The present invention relates to an improved deterministic bus access method which is appropriate where a number of stations (or nodes) on a bus which wish to communicate, are located at a distance for example more than 5 meters apart from each other. In particular, but not exclusively, the invention relates to the field of Local Area Networks (LANs).
Any system which allows one or more transmitting stations to communicate with one or more receiving stations over a shared serial or parallel bus using some form of (statistical) time division multiplexing (TDM), requires an access mechanism (or protocol) to determine which one of several active transmitting stations is to be allowed access to the shared bus. In systems where the stations are located close to each other (e.g. less than 5 meters apart) some centralised arbitration system can De used e.g. a central controller. However, in more physically distributed systems the electrical signal propagation delay can limit the effectiveness (speed) of the access mechanism.
Where the access mechanism has to be supported by a bus, constraints imposed on the speed of the access mechanism by the basic nature of a bus can be particularly severe (especially with short packet transmission times and physically long buses). These constraints are firstly that any signal transmitted on a bus is broadcast so that it is received by all stations connected to it and secondly, that the maximum time between a station sending a signal and another station receiving the signal is the end-to-end propagation time of the bus.
The performance of one widely used method of bus access, Collision Sense Multiple Access/Collision Detect (CSMA/CD) is limited mainly by the second consideration; because here the lower limit of the contention slot time which defines the basis of the CSMA/CD back-off algorithims, is fixed by the fact that twice the end-to-end propagation time of the bus has to elapse after start of transmission before a station can be sure that it is the only station transmitting over the bus.

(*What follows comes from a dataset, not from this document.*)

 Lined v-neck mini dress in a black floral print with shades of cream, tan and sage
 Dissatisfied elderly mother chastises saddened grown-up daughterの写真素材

The performance of another widely used method of access, token passing, is limited chiefly by the first consideration because here the token has to be directed to one node at a time by the addition of adequate address information (to the token). The time to transmit the token from one node to the next mode (in the logical ring) plus some allowance for internal node processing and node to node propagation times generally yields fairly lengthy node to node polling times (e.g. of approximately 50 uS in the case of a typical 5 Mbps carrier band implementation of the IEEE 802.4 token passing bus).
The time for the token to circulate completely round the logical ring of such a network is therefore the node to node polling time multiplied by the number of network nodes: for a typical 30 node network this results in a token circulation time of about 1.5 ms (30.times.50 uS). This circulation time results in excessively long waiting time delays for short packets of data.
Less widely used determinsitic methods of bus access are bit map protocols such as (Multi Level Multi Access (MLMA). In each of these cases the total time taken by the determinsitic methods is based on the fact that the duration of each bit of information in the access method must equal or exceed the end-to-end propagation time of the bus. (e.g. 5 uS for a 1 Km bus) so that all stations are aware of when each particular bit in the access protocol has been set.
It will be appreciated that the efficiency of an access protocol is limited by the ratio of packet transmission time to access time. This is of particular importance as increased data rates result in decreased transmission times for the same length of packet.